Wolverines defensive end Chase Winovich discusses why Saturday's matchup against the No. 2 Nittany Lions is important to the team's season. Angelique S. Chengelis
Ann Arbor — Michigan is a double-digit underdog heading into Happy Valley to face No. 2 Penn State this weekend, and the Wolverines’ AP ranking dropped two spots after a road win.
The 19th-ranked Wolverines feel like they keep getting knocked back and are looking toward Saturday night’s “white out” game at Beaver Stadium as a way to right the national perspective regarding who they are.
Michigan is 5-1, 2-1 Big Ten, with a loss at home to Michigan State. The Wolverines were ranked No. 7 entering that game. Penn State lost 49-10 to Michigan last year but went on to win the Big Ten championship. The Nittany Lions are unbeaten and coming off a bye.
“This one’s huge. This is a pivotal game for my career, for the team as a whole, for the season, for the future of Michigan football,” Chase Winovich, from the Pittsburgh area, said Tuesday night after practice. There’s a lot riding on this game.
“It’s pivotal for the season because they won the Big Ten championship last year and they’re a great football team. They’re No. 2 in the country. We got bumped down, down to 19 now after a win, and so it’s one slap in the face after another. We’re 11-point underdogs. We’ve only been beaten in the Harbaugh Era one time by more than five points. It’s one thing after another. It’s a big thing we have to prove to ourselves and to the world and for the season if we lose this one, it’s tough to win the Big Ten with two losses.”
The theme among the players who spoke to media after Tuesday’s practice focused on taking the opportunity of a big stage like Saturday night, which will be televised nationally and has attracted ESPN’s College GameDay to State College, to show everyone how good they believe the Wolverines are.
“Coach has already told us this is the big stage, that everybody is going to be watching this game,” safety Tyree Kinnel said. “People are counting us out already. We just moved back two spots after a win, so we definitely have a chip on our shoulder and we’re definitely ready to show the country what we can do.”
All the players said they saw the polls and were stunned to see Michigan drop after a win.
Wolverines safety Tyree Kinnel on the importance of winning against Penn State. Angelique S. Chengelis
“We thought Indiana was a really good team,” said Kinnel, who had the interception to end the game in overtime last Saturday. “We don’t keep it on our minds. We pay attention to it though. We do want to prove everyone wrong and show the country we can beat Penn State this Saturday.”
Michigan’s defense is ranked No. 1 nationally, so it probably should come as no surprise it was the defensive players Tuesday night who spent the most time discussing the big stage and showing the college football world just how good the team is.

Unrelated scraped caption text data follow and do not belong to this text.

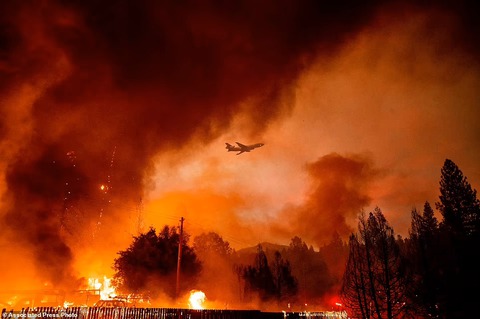 Cháy rừng kinh hoàng ở California, hơn 10.000 người sơ tán - Ảnh 2. Cháy rừng kinh hoàng ở California, hơn 10.000 người sơ tán - Ảnh 2.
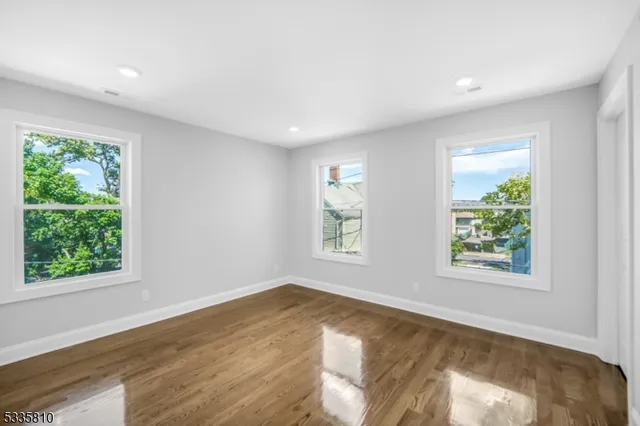 $2,550 | 146 North 15th Street, Unit 2, East Orange, NJ 07017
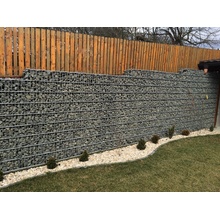 TopGabion Gabionový plot - v. 0,4 m, d. 2,5 m, š. 20-40 cm, oko 5x20 cm bez sloupku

“We want to show the world we can play against anybody,” linebacker Khaleke Hudson said. “They’re the No. 2 team, we want to come in and play hard and prove we’re also a good team.
“We had a loss against Michigan State, but we have to put that behind us. A lot of people assume we’re not this or not that and we want to come out and show that we’re Michigan, and we’re going to play Michigan football which is hard-nosed football.”
Receiver Kekoa Crawford enjoys the team's role this week.
“I like being the underdog,” he said. “I like being doubted. It’s more of a chip on my shoulder and more of a chip on this team’s shoulder that we can go out there and prove we can play with the best. It’s a big game, plain and simple.”
After losing big at Michigan last season, Penn State won eight straight, including a win over No. 2 Ohio State, to finish out the regular season and win the Big Ten title. The Nittany Lions defeated No. 6 Wisconsin in the Big Ten championship then lost a wild 52-49 game to USC in the Rose Bowl.
Penn State coach James Franklin on Tuesday told reporters his team isn’t focused on the loss to Michigan last season.
“I was kinda surprised they turned things around,” Winovich said of Penn State’s rebound in 2016. “During the game, I don’t think we had the highest regard for them. They were able to turn it around, so my hat’s off to them. They had a great season after that point. I know they’re going to be coming at us with everything they’ve got. I’m sure they were embarrassed in their own way. No one likes to lose by that much, especially because they’re a prideful team like we are.”
The Michigan players said they are looking to restore respect for their program at Penn State.
“We think it’s a big stage for us this Saturday,” Kinnel said. “We’re already down one game, and we want to get back in the picture. We want to definitely beat them. We do have something to prove this weekend.”